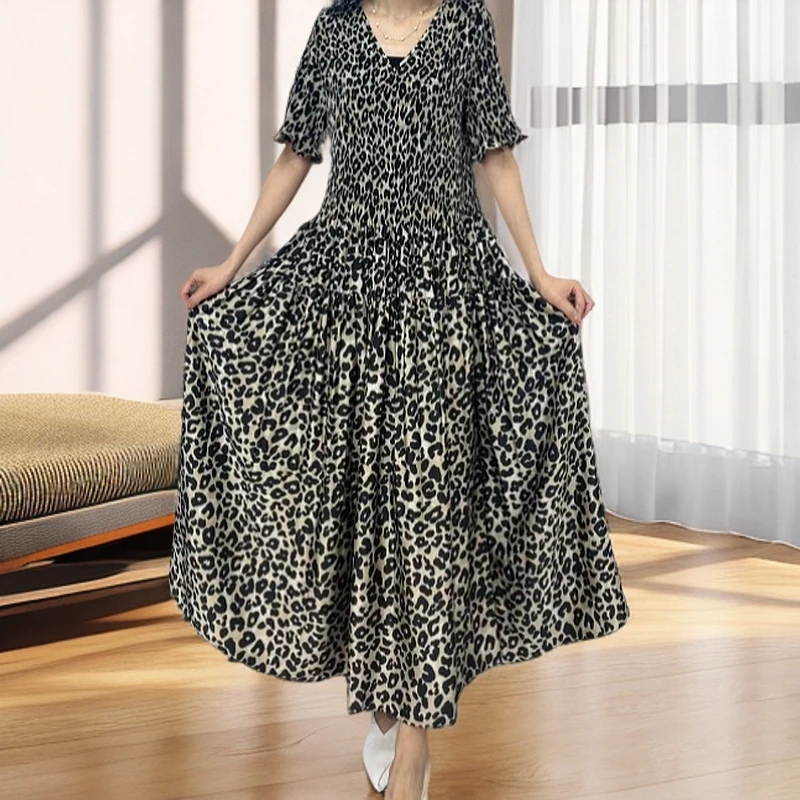 克妮米亚w333轻奢高端女装豹纹连衣裙宽松连衣裙大码碎花显瘦气质
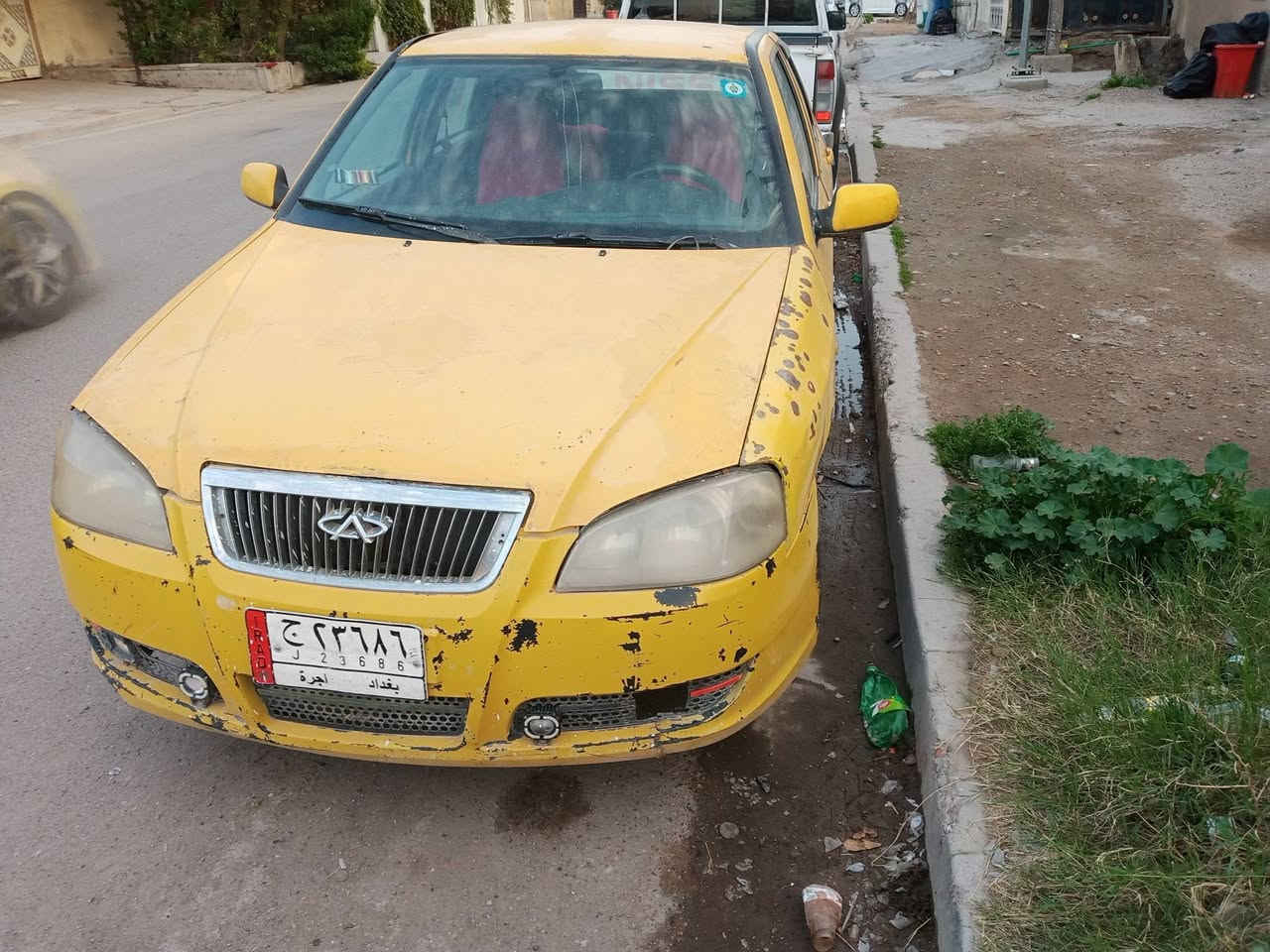 السلام عليكم شيري كوين للبيع موديل 9 محرك وكير كورلا اوتو حجم 1600كير من الله شغاله رقم بغداد نواقص بصيطه مشروع وطني تحويل مباشر عليها غرامه وهيئه 250الف مكان السياره بغداد حي العامل للاستفسار اكثر اتصل *********** السعر 18 مجال بصيط
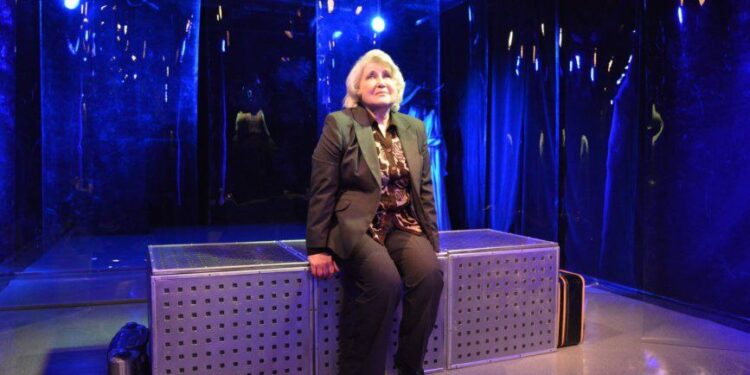 артистка Світлана Бобир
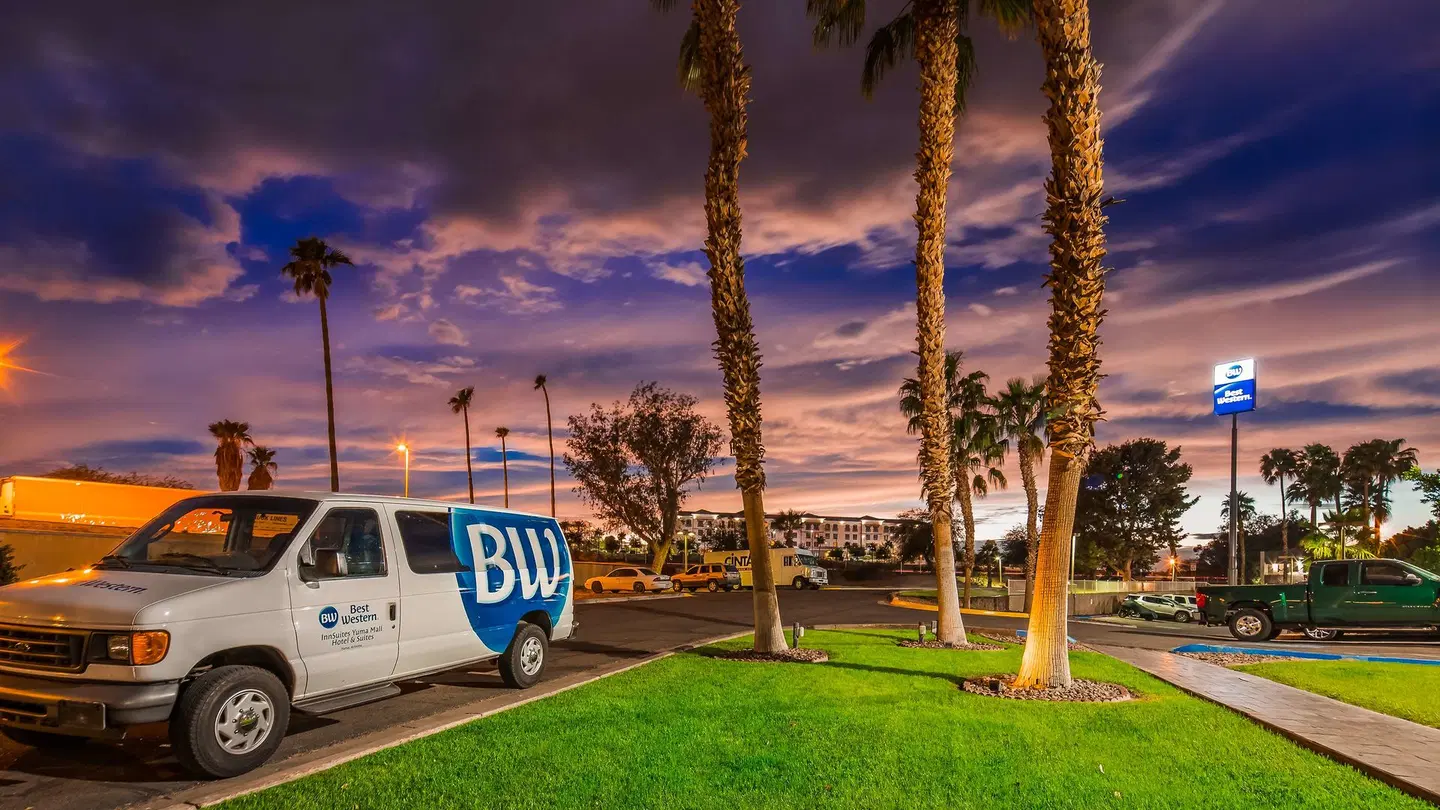 Best Western InnSuites Yuma Mall Hotel & Suites LANDSCAPE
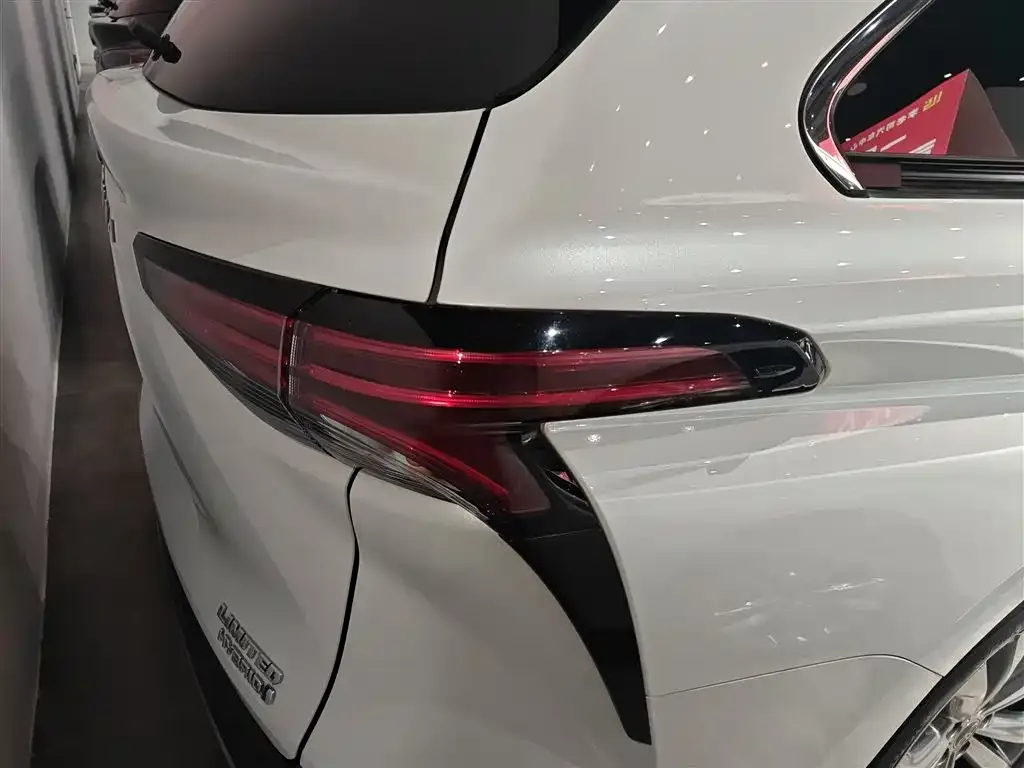 Toyota Sienna 2023 из CN, фото 10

==*==

● Task
I need the lines from the one holding "артистка Світлана Бобир" through the last line of the entries set down exactly, with every picture left out.

● Response to this task
 артистка Світлана Бобир
 Best Western InnSuites Yuma Mall Hotel & Suites LANDSCAPE
 Toyota Sienna 2023 из CN, фото 10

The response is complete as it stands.